SEAL Org dévoile un nouveau protocole pour signaler les sites de phishing de manière vérifiable
L’organisation de cybersécurité SEAL (Security Alliance) vient de présenter un outil inédit pour renforcer la lutte contre les escroqueries en ligne liées aux cryptomonnaies.
Basé sur un mécanisme cryptographique innovant, ce système promet d’améliorer la fiabilité des signalements de sites de phishing.
SEAL veut rendre le signalement de phishing plus fiable et transparent
Le phishing reste l’une des menaces les plus persistantes du Web3.
Pour y répondre, SEAL Org, groupe de recherche en cybercriminalité crypto soutenu par a16z crypto, Ethereum Foundation et Paradigm, a lancé une nouvelle solution baptisée Verifiable Phishing Reports.
Ce système repose sur une avancée technique appelée TLS Attestations, conçue pour garantir que ce qu’un utilisateur voit sur un site suspect correspond réellement à ce qu’il rapporte.

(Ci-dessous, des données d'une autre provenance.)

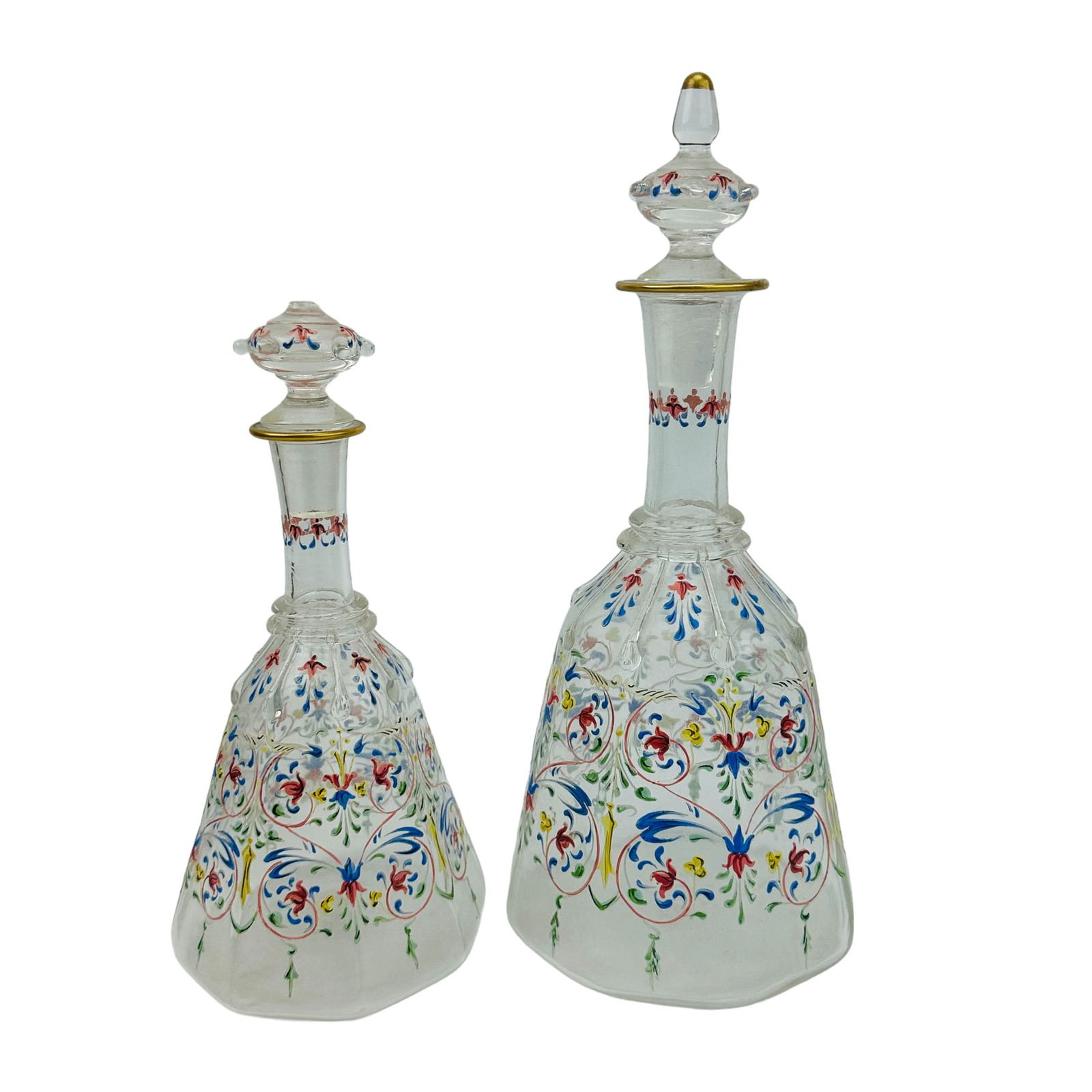 Italian Floral Enamel Glass Decanters 2pc (1 of 3)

Selon SEAL, les méthodes de détection automatisées actuelles rencontrent plusieurs limites : CAPTCHA, protections anti-bot et techniques de « cloaking » qui masquent le contenu malveillant aux outils d’analyse. Le défi était donc clair : voir exactement ce que voit la victime potentielle, sans altération.
Comment fonctionne le protocole TLS Attestations
Le cœur de cette innovation repose sur la cryptographie.
Traditionnellement, la sécurité sur Internet s’appuie sur le protocole TLS (Transport Layer Security), utilisé pour chiffrer les connexions. Mais ce système ne permet pas de générer de transcriptions vérifiables des sessions, laissant la possibilité à un tiers de falsifier les échanges.
Pour contourner ce problème, SEAL a mis au point un système d’attestation léger, plus efficace que des solutions existantes comme TLSNotary, jugées trop lourdes et coûteuses.
Le principe : un serveur d’attestation agit comme garant de la véracité de la session TLS. Il valide le contenu affiché à l’utilisateur, en signant un hash (empreinte numérique) du flux complet.
Ainsi, les chercheurs en sécurité peuvent certifier qu’un site sert bien du contenu malveillant, sans risquer de manipulations.
Un outil au service des whitehats et de la communauté crypto
L’objectif du projet est clair : fournir un moyen fiable aux whitehats les hackers éthiques de rapporter des sites frauduleux avec des preuves cryptographiques solides.
Les signalements seront ensuite vérifiés par SEAL, qui confirmera la signature numérique et la présence d’activités malveillantes.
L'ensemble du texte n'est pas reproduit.